Experiment with different micro batch sizes to find a balance between memory consumption and computational efficiency. Smaller micro batch sizes consume less memory but may result in slower training convergence. Conversely, larger micro batch sizes require more memory but can accelerate training speed.
The context length (block_size
in the code) plays a significant role in running models with attention.
- The pretraining scripts are configured to use the full context length of the model to train.
- The finetuning scripts are configured to use the longest sample length of the training data to avoid allocating unnecessary memory (
--train.max_seq_length
argument). If that's longer than the model's context length, an error is raised. If you try to run a batch that is longer than this, an error is raised.
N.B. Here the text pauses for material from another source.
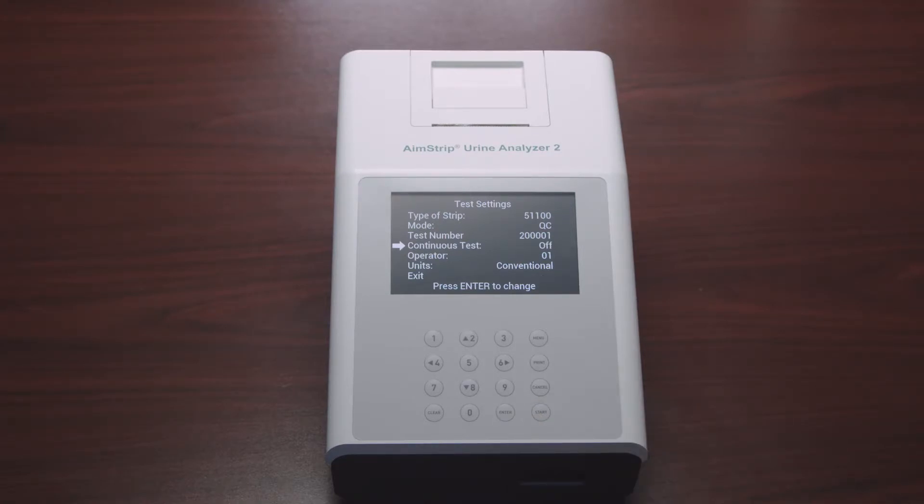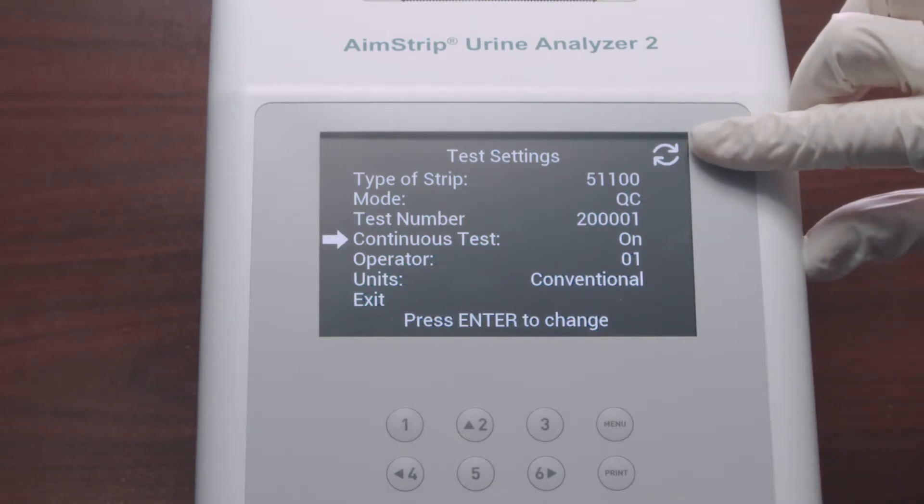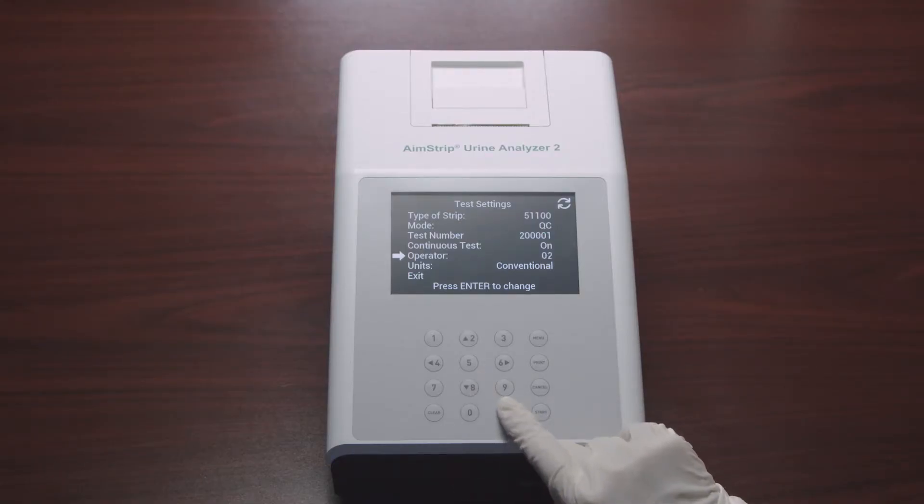If Continuous Test is Off, you can test one strip at a time — also called single test mode — which performs 60 tests per hour. If Continuous Test is On, you can use test strips one after another; continuous test mode performs up to 120 tests per hour, and the circled arrow symbol will be displayed. Next is Operator: select Operator ID and press Enter to increase the number by one; after the number reaches 10, it reverts back to 01.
However, your hardware may not support such large context lengths. Here's what you can do:
- For the pretraining scripts, you can simply reduce the
Config(block_size=...)
value. - For the finetuning scripts, you can trim the length of the samples in your dataset.
All the finetuning scripts expose a
--data.max_seq_length=...
argument. This might also be useful in cases where sample lengths are highly unbalanced, as the presence of a single very long sample would incur a larger memory usage for all other shorter samples. For example, the median length of the samples in Alpaca is 110 tokens. Truncating the Alpaca dataset to 256 max tokens reduces the memory requirements of a Falcon 7B model from 23.52 GB to 15.73 GB. For more information about the dataset truncation, please see the Truncating datasets section in the prepare_dataset.md tutorial.
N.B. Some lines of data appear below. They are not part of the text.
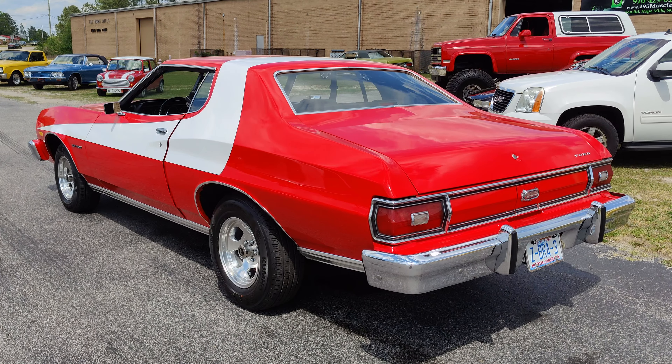You'd be pretty hard pressed to find any flaws on this thing. Thanks for watching — just let us know if you have any questions, and you'd have to knock the wall out of this garage to get it out again.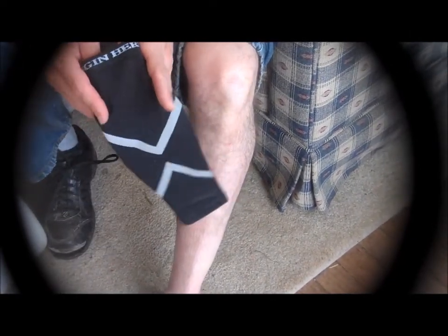This is the Fitness Foundations calf compression sleeve. It's for exercising — runners use them. You just slide it on kind of like a sock. It's fairly tight.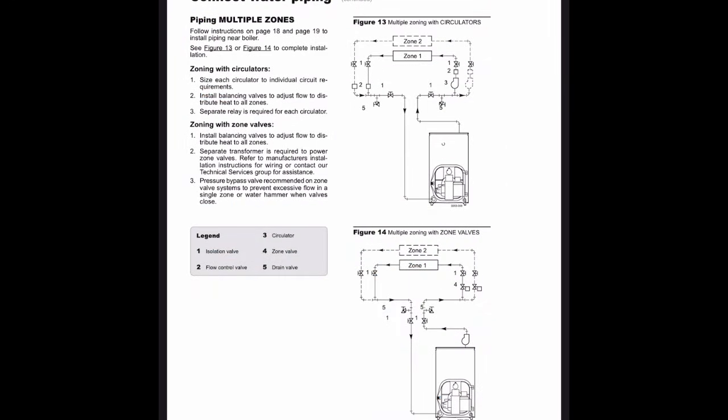So on page 20 of the manual, you can scroll down and see that they have piping arrangements for zone circulators and zone valves. Neither one of these arrangements show an external air eliminator because it is not required for the proper function of the system. If you scroll down to page 21, they have a primary-secondary piping arrangement for in-floor radiant, and that does not show an external air eliminator either.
Keep in mind that reducing the context length will affect the modelling performance on text sequences longer than the limit.
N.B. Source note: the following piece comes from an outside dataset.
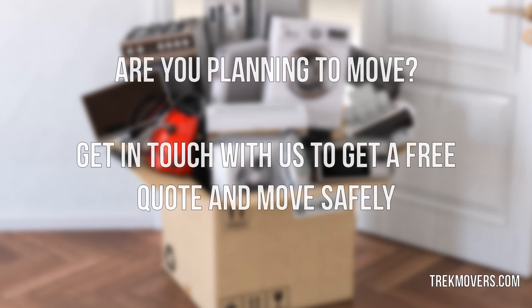Are you planning to move? Get in touch with us to get a free quote and move safely.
Our scripts expose the --precision
argument, this directly impacts the memory usage.
Using true lower precision (16-true
, bf16-true
) reduces the memory usage by half compared to 32-true
, however,
the model might start producing NaNs due to the limited range of representable values.
Mixed precision training (16-mixed
, bf16-mixed
) provides better stability but offers limited memory reduction.
For exceptionally large models, the aforementioned techniques might still not suffice. If you have multiple GPUs available,
you can trade off memory for speed by changing the --devices 1
argument in the scripts. Enabling this option enables a parallelism technique (FSDP), sharding the memory across different GPUs.
The default configuration already uses activation checkpointing, but you can enable CPU offloading by changing the cpu_offload=False
argument in the scripts.
Our scripts use the AdamW
optimizer.
It maintains 2 states for each trainable parameter of the model, meaning that the optimizer memory is double compared to
an optimizer like SGD
.
You can try replacing it with your optimizer of choice that is lighter in memory requirements. Keep in mind that different optimizers have distinct optimization behaviors, so it's essential to assess their impact on the training process and model performance. An example would be the recently published Sophia or Lion optimizers.
This suggestion is particularly relevant for pretraining, as the trainable parameters in the model represent a small subset of the total in the fine-tuning scripts.